Look through the data below and output, unchanged, every line from the one holding "16G 1/4 Purple" through the one holding "Kersthanger rendier staand", inclusive. Skip the pictures.

START Provided entries

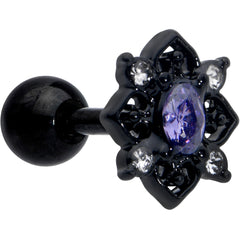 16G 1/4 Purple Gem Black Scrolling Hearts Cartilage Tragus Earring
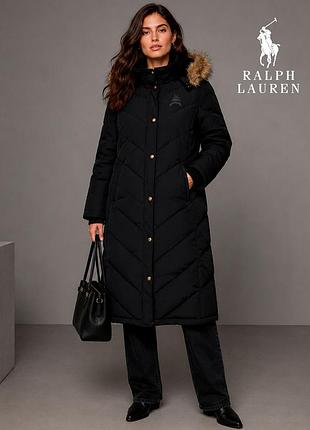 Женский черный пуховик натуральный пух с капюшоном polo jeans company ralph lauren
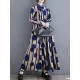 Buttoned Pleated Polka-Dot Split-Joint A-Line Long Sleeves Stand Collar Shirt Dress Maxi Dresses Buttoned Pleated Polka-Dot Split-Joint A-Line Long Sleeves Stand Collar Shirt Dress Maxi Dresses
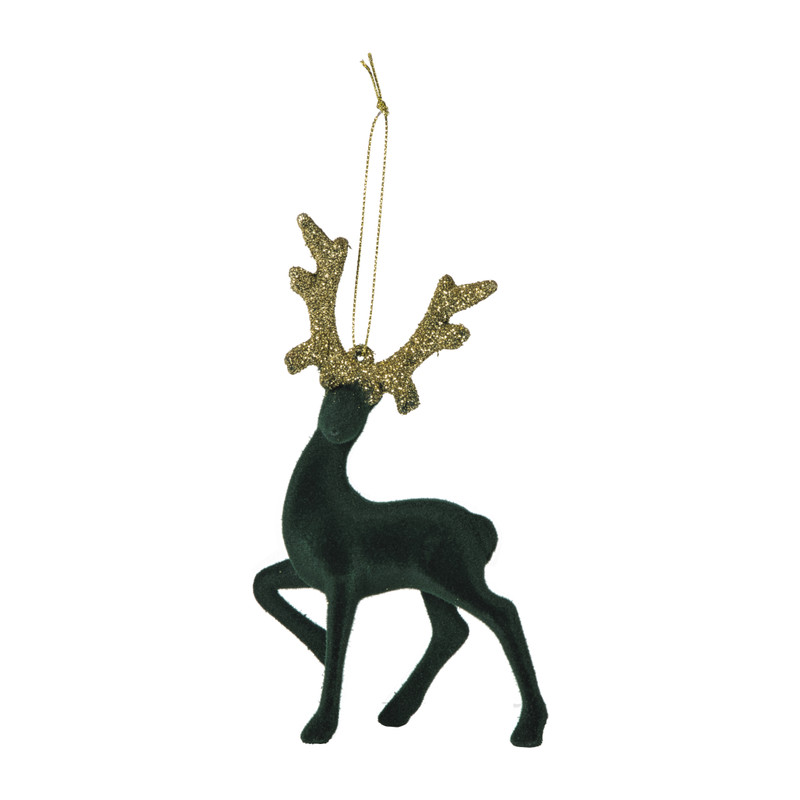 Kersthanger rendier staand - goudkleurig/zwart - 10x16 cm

END Provided entries
START Provided entries

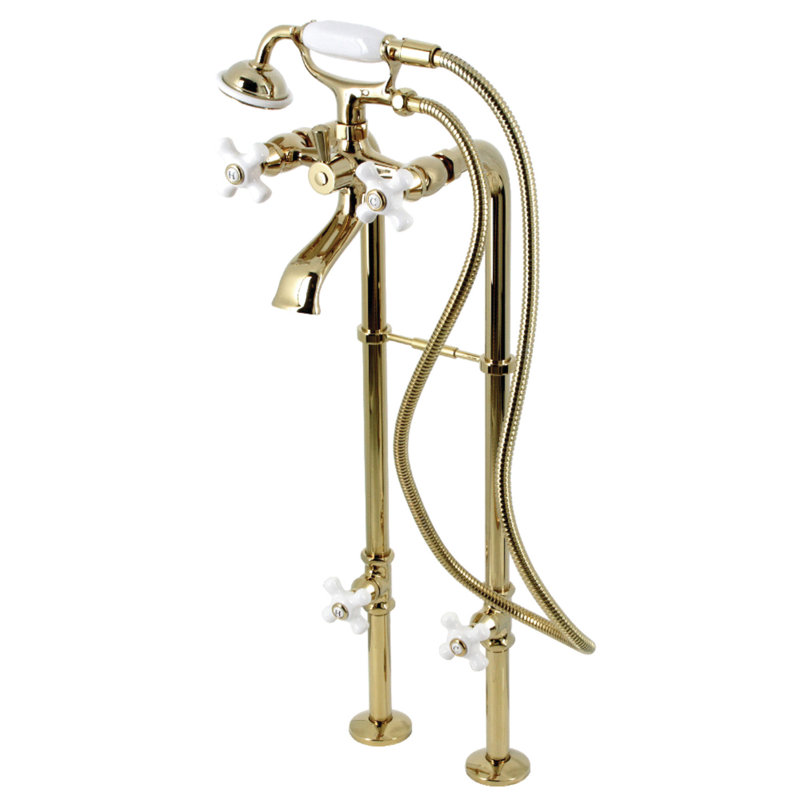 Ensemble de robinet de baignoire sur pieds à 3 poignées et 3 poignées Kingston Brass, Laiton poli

END Provided entries
START Provided entries

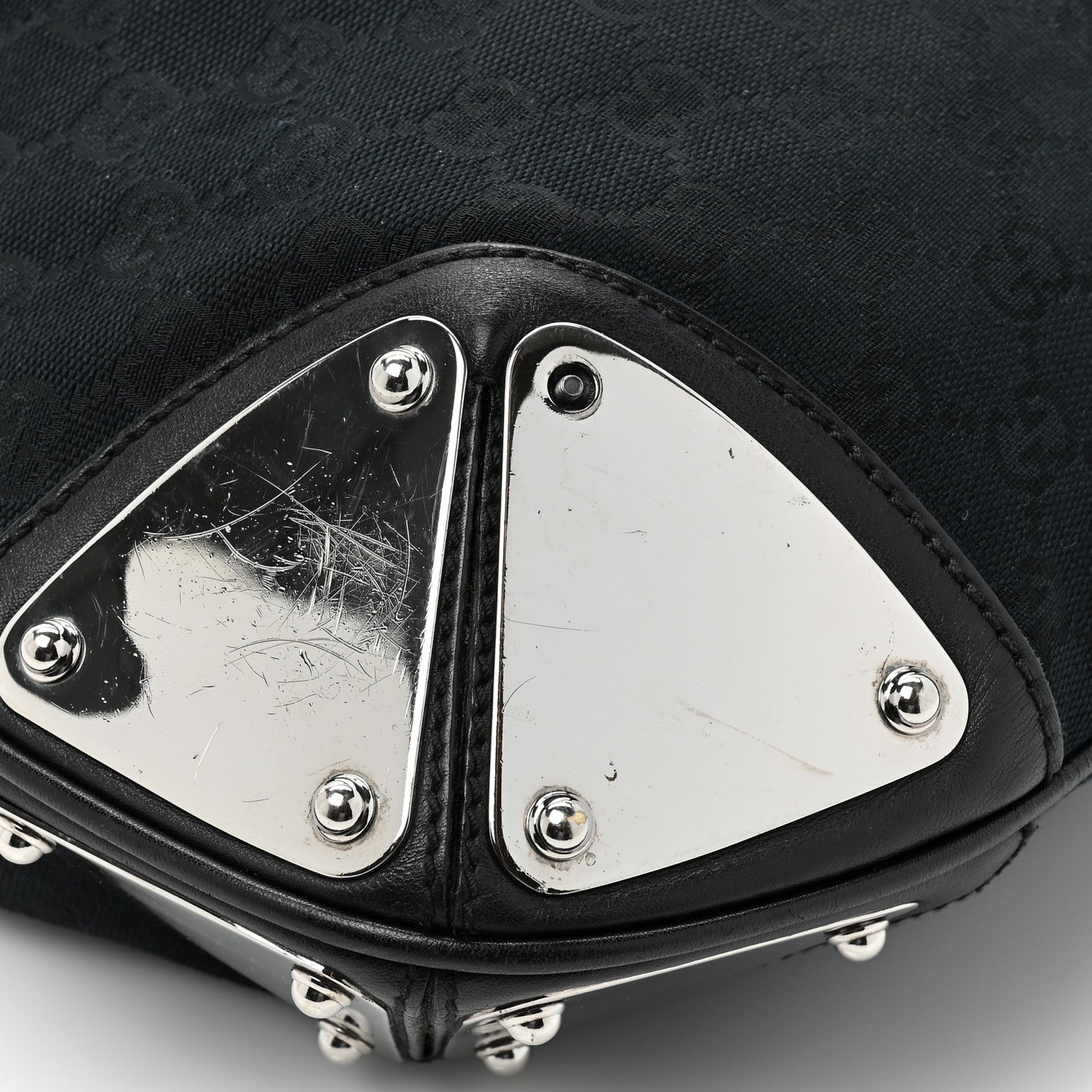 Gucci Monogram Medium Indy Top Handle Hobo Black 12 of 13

END Provided entries

# Answer
 16G 1/4 Purple Gem Black Scrolling Hearts Cartilage Tragus Earring
 Женский черный пуховик натуральный пух с капюшоном polo jeans company ralph lauren
 Buttoned Pleated Polka-Dot Split-Joint A-Line Long Sleeves Stand Collar Shirt Dress Maxi Dresses Buttoned Pleated Polka-Dot Split-Joint A-Line Long Sleeves Stand Collar Shirt Dress Maxi Dresses
 Kersthanger rendier staand - goudkleurig/zwart - 10x16 cm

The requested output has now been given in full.